* Exercise brief:
Go through the entries below and print, exactly, the lines starting at the one with "Leitholm House | East Lodge, Bughtrig" and ending at the one with "A pair of Copper", keeping both ends and no others.

* The input:
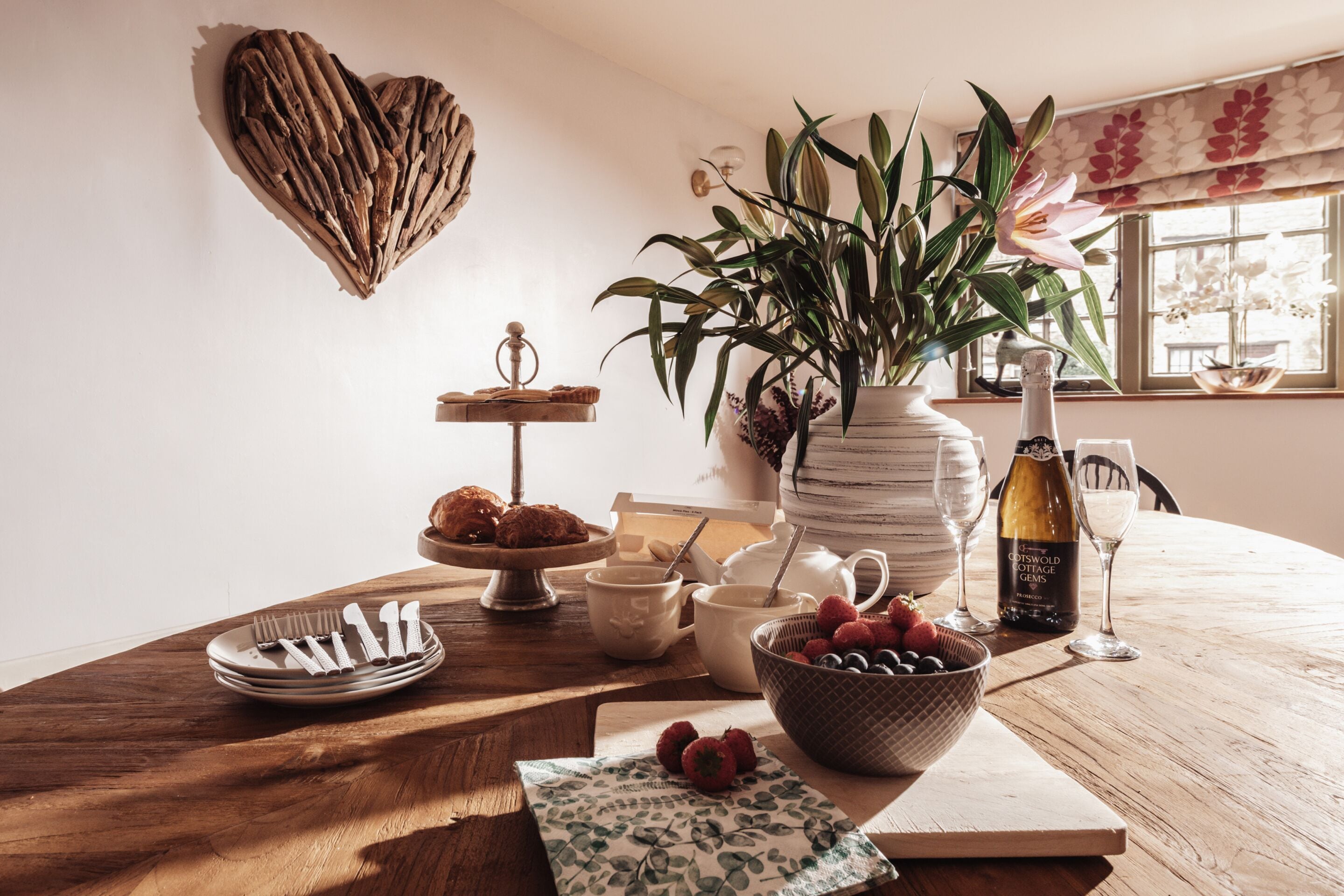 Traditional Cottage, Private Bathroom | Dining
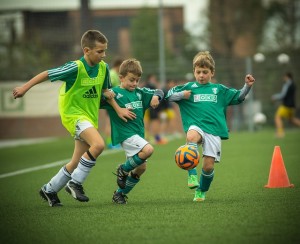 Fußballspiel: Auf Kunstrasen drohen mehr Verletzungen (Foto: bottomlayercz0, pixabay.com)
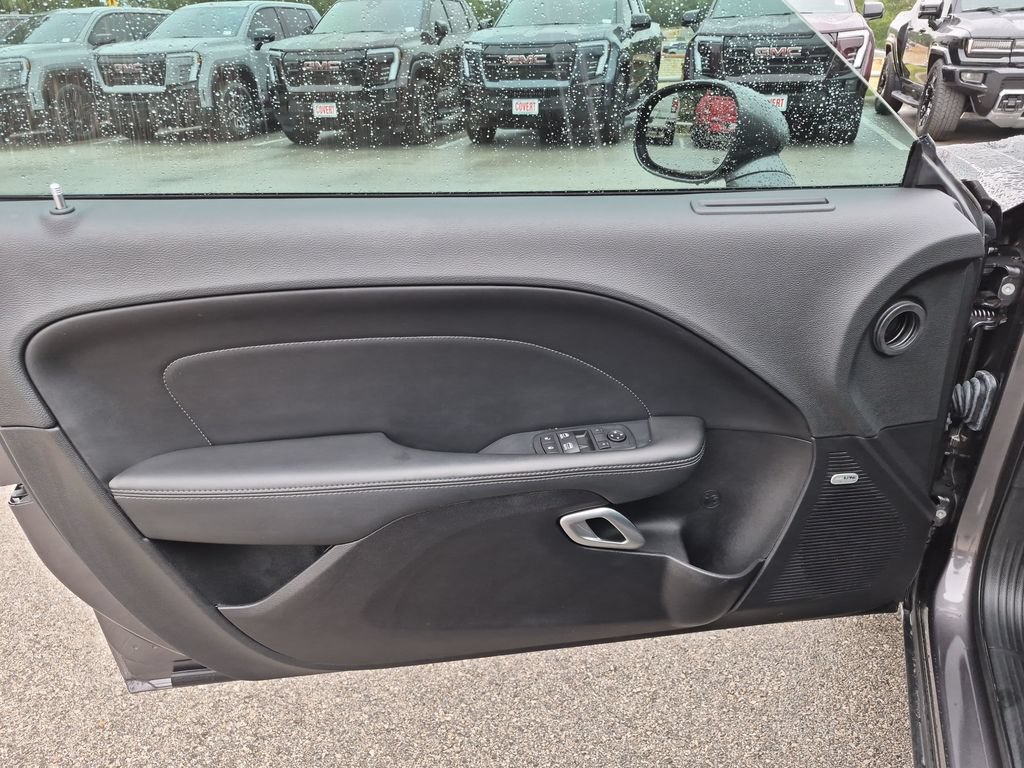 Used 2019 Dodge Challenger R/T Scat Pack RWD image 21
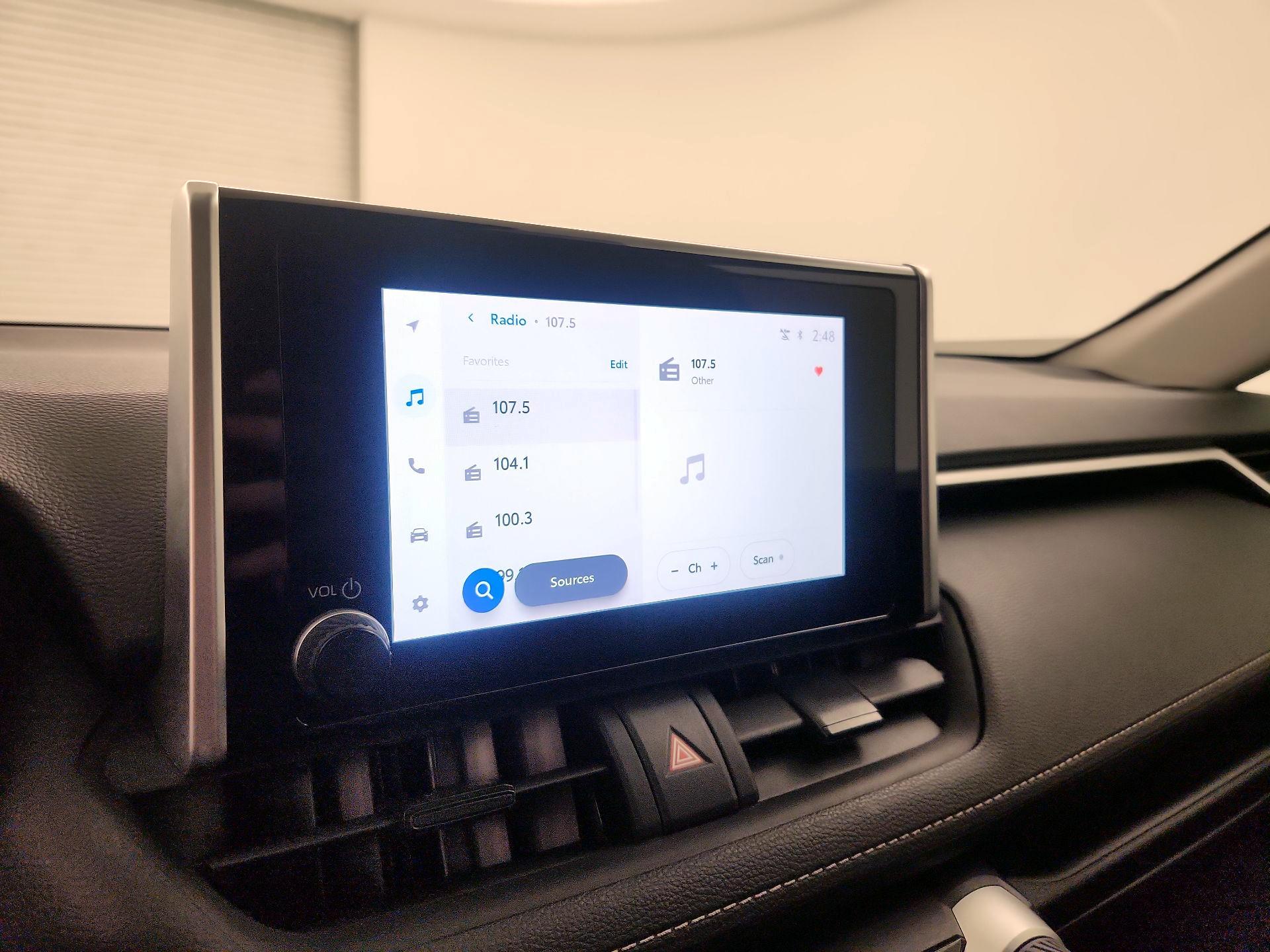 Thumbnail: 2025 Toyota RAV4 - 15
---
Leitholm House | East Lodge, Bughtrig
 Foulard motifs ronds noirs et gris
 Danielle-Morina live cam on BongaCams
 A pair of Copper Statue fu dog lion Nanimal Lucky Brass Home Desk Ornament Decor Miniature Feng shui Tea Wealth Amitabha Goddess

* Output:
Leitholm House | East Lodge, Bughtrig
 Foulard motifs ronds noirs et gris
 Danielle-Morina live cam on BongaCams
 A pair of Copper Statue fu dog lion Nanimal Lucky Brass Home Desk Ornament Decor Miniature Feng shui Tea Wealth Amitabha Goddess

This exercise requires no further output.